[WASHINGTON] Shares of the largest US banks fell on Monday after the Federal Reserve's main regulator proposed higher capital requirements for them.
Stress tests for the banks - to see how they could ride out extreme crises - indicated that the largest eight so-called global systemically important banks (GSIB) need firmer capital buffers for systemic safety, Fed governor Daniel Tarullo said in a speech.
The Fed would soon formally propose a "stress capital buffer approach" to replace a previous capital strength surcharge on large banks, he added.
"This would generally result in a significant increase in capital requirements applicable to the GSIBs," he said.

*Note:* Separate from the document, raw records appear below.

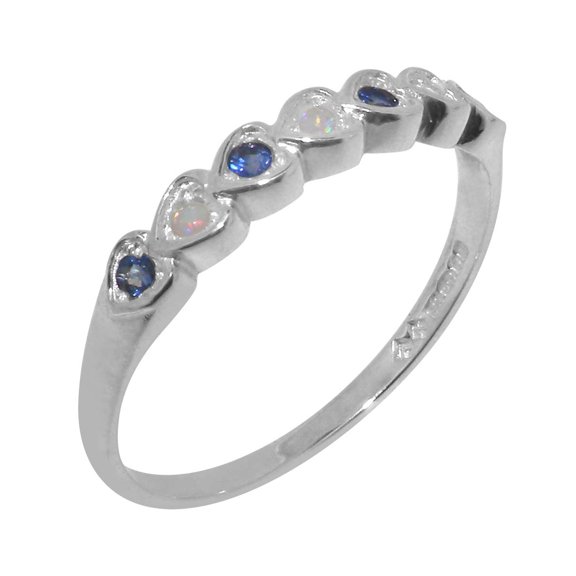 LBG British Made 925 Sterling Silver Natural Opal & Sapphire Womens Eternity Ring - 33 size options - Size 10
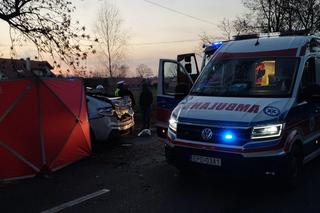 Śmiertelny wypadek pod Poddębicami. Nie żyje kierowca białego BMW, dwie osoby ranne [ZDJĘCIA]
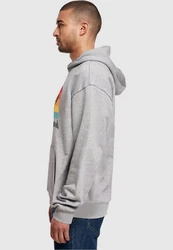 Merchcode Kapuzensweatshirt Long Beach Ultra Heavy Hoody Grau/Orange/Hellgrau
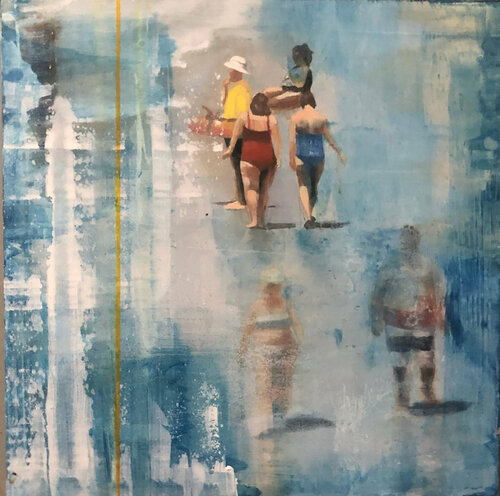 Walking on the Beach van Dennis Crayon, Schilderij te koop op Singulart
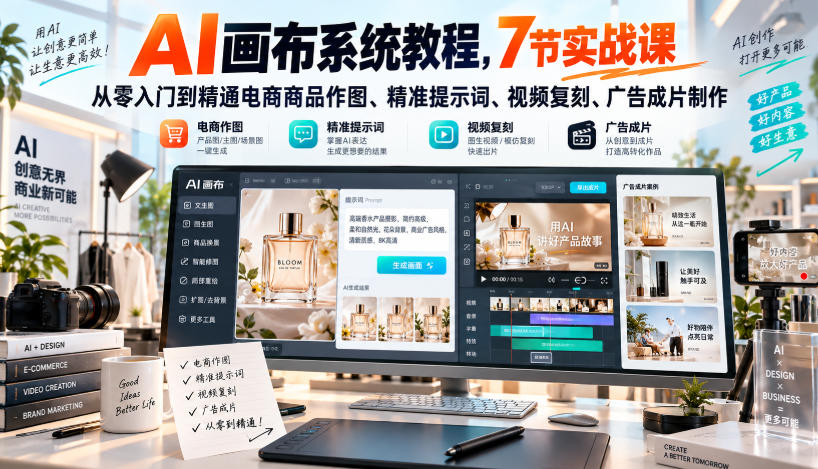 AI画布系统教程，7节实战课从零入门到精通电商商品作图、精准提示词、视频复刻、广告成片制作-资源宝库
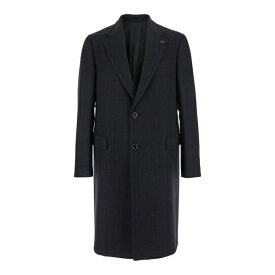 ラルディーニ メンズ ジャケット＆ブルゾン アウター Grey Single-breasted Coat With Classic Lapels In Wool Man Grey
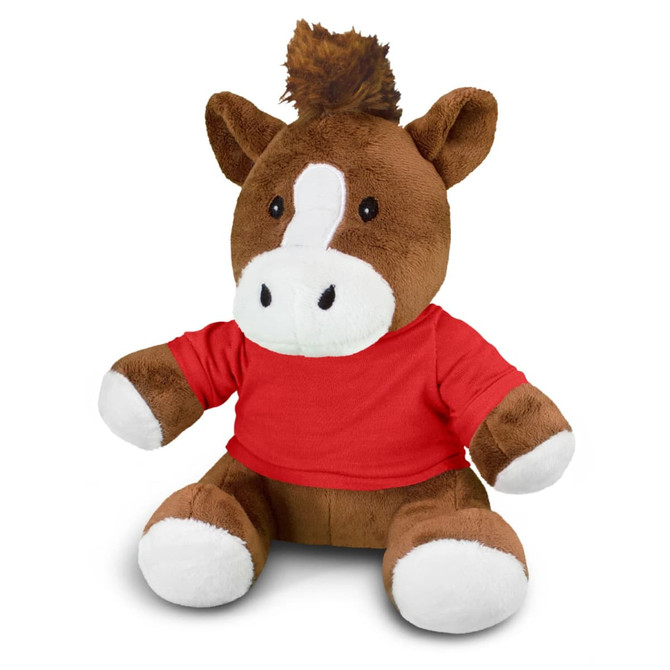 A brown horse plush toy wearing a red shirt, featuring a fluffy mane and a friendly expression.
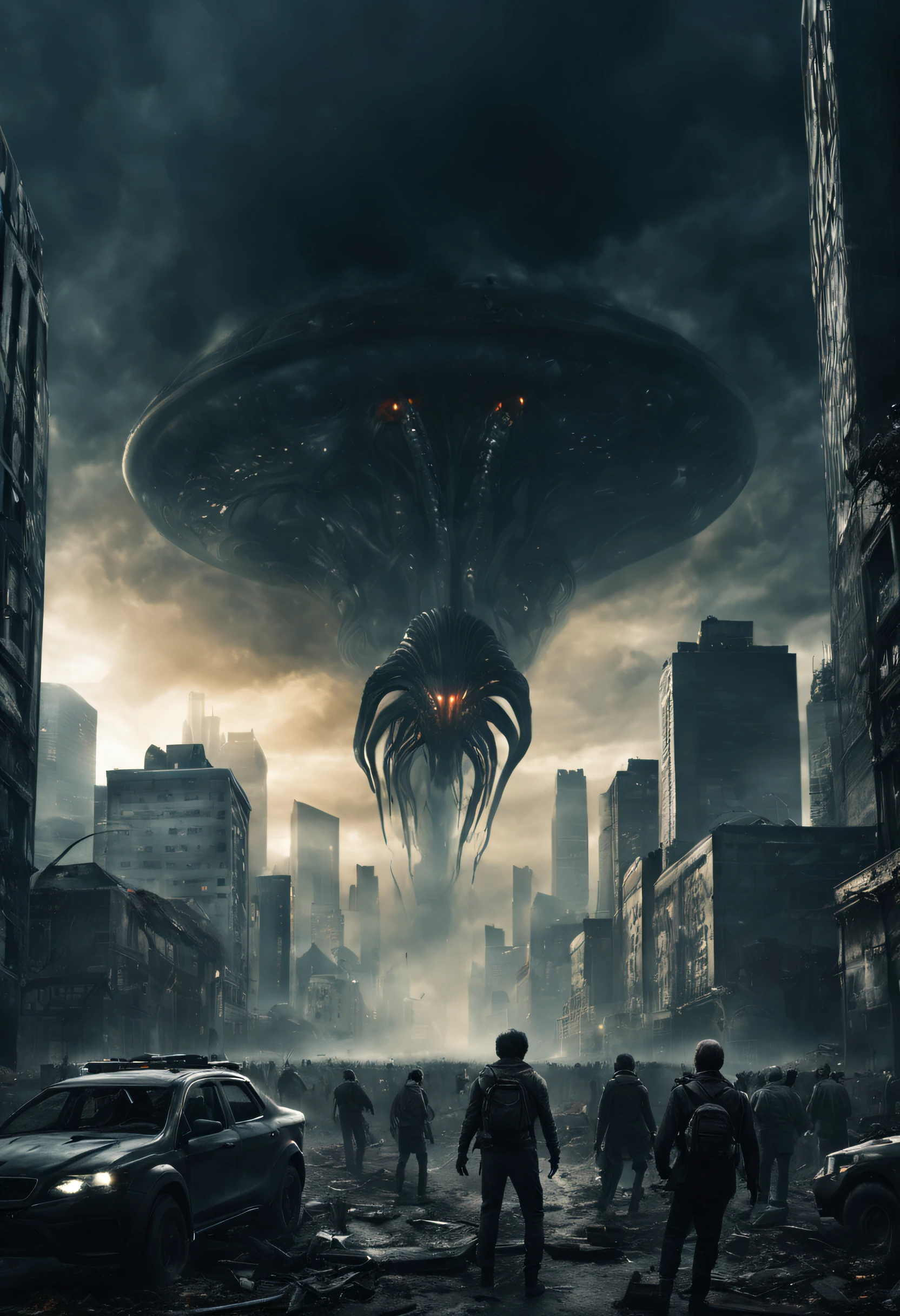 "Scary and intense alien invasion scene with dark atmosphere, dramatic lighting, and intense action. Mostre poderosas criaturas extraterrestres, Advanced technology, Destroyed cityscape, Panicked civilians, and a sense of imminent danger. Generate an unsettling and immersive image that captures the chaos and terror of a supernatural invasion."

The tougher standard is based on the view that "financial regulation should be progressively more stringent for firms of greater importance, and thus potential risk, to the financial system," he said.
"The surcharges are calibrated to force large, interconnected banks to internalize the additional costs their distress would impose on the financial system." The eight include Bank of America, Bank of New York Mellon, Citigroup, Goldman Sachs, JPMorgan Chase, Morgan Stanley, State Street and Wells Fargo.
Shares for the group sank after the speech. JPMorgan lost 2.2 per cent, Wells Fargo, 1.9 per cent and Morgan Stanley, 2.8 per cent.
On the other hand, Mr Tarullo said, US regional banks would see some terms for them in the stress tests eased.
The annual stress tests, implemented after the 2008 crisis, are used to determine if banks have adequate capital to handle a deep recession. Banks that do not pass the tests can be denied permission to distribute profits to shareholders.